Mittlerweile sind noch einige weitere Tische besetzt. Ein englischsprachiges Pärchen, ein Herr alleine. Ein „Hat’s gepasst?“, als er geht, beantwortet er mit: „Sensationell.“ Jemand von einem Vierertisch meint zum Servicepersonal, das neben Katona noch anwesend ist: „Engagiert, aufmerksam – was will man mehr von einem Lokal?“

Mieral Taube

Mieral Taube als nächstes. Zwei Stücke zartes Fleisch übereinander auf einem Spiegel aus Purple Curry drapiert, Tüpfelchen von Mango und Kokos, Mangostückchen. Dazu 1994 Vintage Port, Quinta do Vesuvio aus dem portugiesischen Douro Tal. Dieser wird nur in besonders guten Jahren produziert, zuletzt 2011. Im Keller des Hauses befinden sich noch ein paar Flaschen und auch Katona selbst ist stolzer Besitzer dreier Exemplare.

Le Macaron

Ein Havanna Club Sorbet zur Erfrischung, dann das berühmte Dessert „Le Macaron“, der Michelin Stern aus Spekulatius, Preiselbeere und Portwein. Dazu eine Creme aus den gleichen Komponenten. Der Wein: 2008 Banyuls Grand Cru von der Domaine Parce Feres, Roussillion. Beim Genuss von „Le Macaron“ muss ich den Löffel kurz beiseitelegen. Der Stern und die Füllung schmecken so gut.
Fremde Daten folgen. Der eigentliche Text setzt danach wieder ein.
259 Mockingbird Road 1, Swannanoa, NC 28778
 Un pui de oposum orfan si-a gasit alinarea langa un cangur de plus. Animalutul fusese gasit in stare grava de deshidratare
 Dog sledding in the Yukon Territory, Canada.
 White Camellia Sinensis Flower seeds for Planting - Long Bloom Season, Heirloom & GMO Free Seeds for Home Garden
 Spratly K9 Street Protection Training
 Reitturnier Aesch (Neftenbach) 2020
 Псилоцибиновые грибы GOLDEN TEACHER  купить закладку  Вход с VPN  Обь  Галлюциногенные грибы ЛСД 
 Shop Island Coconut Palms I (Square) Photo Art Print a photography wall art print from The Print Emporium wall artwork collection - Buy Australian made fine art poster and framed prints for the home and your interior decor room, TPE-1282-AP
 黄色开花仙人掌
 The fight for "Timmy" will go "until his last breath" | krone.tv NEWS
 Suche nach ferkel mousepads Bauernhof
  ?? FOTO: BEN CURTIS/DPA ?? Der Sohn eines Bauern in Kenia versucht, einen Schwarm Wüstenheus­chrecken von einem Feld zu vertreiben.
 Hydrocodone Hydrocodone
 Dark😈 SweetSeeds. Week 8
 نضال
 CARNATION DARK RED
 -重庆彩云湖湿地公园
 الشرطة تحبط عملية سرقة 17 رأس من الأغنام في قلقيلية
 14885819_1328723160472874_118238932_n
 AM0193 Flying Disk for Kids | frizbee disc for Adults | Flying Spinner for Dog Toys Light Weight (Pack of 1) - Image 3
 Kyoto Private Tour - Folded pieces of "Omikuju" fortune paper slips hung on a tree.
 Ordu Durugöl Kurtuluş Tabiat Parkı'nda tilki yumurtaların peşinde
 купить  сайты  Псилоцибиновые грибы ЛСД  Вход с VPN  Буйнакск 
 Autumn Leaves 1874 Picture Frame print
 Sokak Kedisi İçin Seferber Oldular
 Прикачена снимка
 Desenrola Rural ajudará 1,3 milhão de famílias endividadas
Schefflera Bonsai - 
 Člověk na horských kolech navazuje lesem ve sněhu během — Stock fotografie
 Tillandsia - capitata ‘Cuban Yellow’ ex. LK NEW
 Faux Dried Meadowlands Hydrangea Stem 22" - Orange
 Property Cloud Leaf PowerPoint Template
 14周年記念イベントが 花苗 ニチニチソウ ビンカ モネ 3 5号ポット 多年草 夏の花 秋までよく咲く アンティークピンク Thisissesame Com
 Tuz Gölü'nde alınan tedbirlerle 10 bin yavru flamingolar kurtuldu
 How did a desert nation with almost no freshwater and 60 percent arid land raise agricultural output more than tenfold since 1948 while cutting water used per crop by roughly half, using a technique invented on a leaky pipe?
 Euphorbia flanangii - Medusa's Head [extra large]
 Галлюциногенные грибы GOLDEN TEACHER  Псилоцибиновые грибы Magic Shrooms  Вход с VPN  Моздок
Das soll bitte einfach nicht enden, so gut ist das.

Kaffee und Petit Fours darf ich direkt beim Kitchentable genießen. Wunderschöne Pralinen, die man am liebsten hinter eine Glasvitrine legen möchte, weil sie so hübsch sind. Golden Peanut, Schwarzwälderkirsch oder eine weiße Schokopraline mit Blutorange gefüllt.

Fazit

Petit Fours

Momentaufnahme. So heißt das Menü, das ist aber auch, wie ich die Zeit im Restaurant verbringe: ich versuche, den Moment in all seinen Facetten wahrnehmen. Zu entdecken gibt es viel. Details, die ich mit allen Sinnen aufsauge und mir einzuprägen versuche.

Der 19. Bezirk ist zwar ein Stück weit weg von der Innenstadt. Aber der Weg lohnt sich! Grinzing ist nicht nur Heurigengegend, Grinzing ist auch Amador. „Die Wiener sind entspannt. Sie genießen das Leben.“, meinte er einmal zu mir. Und an diesem Nachmittag sind wir das alle, wie wir da sitzen. Solche Versuchungen will man wieder. Und wieder und wieder.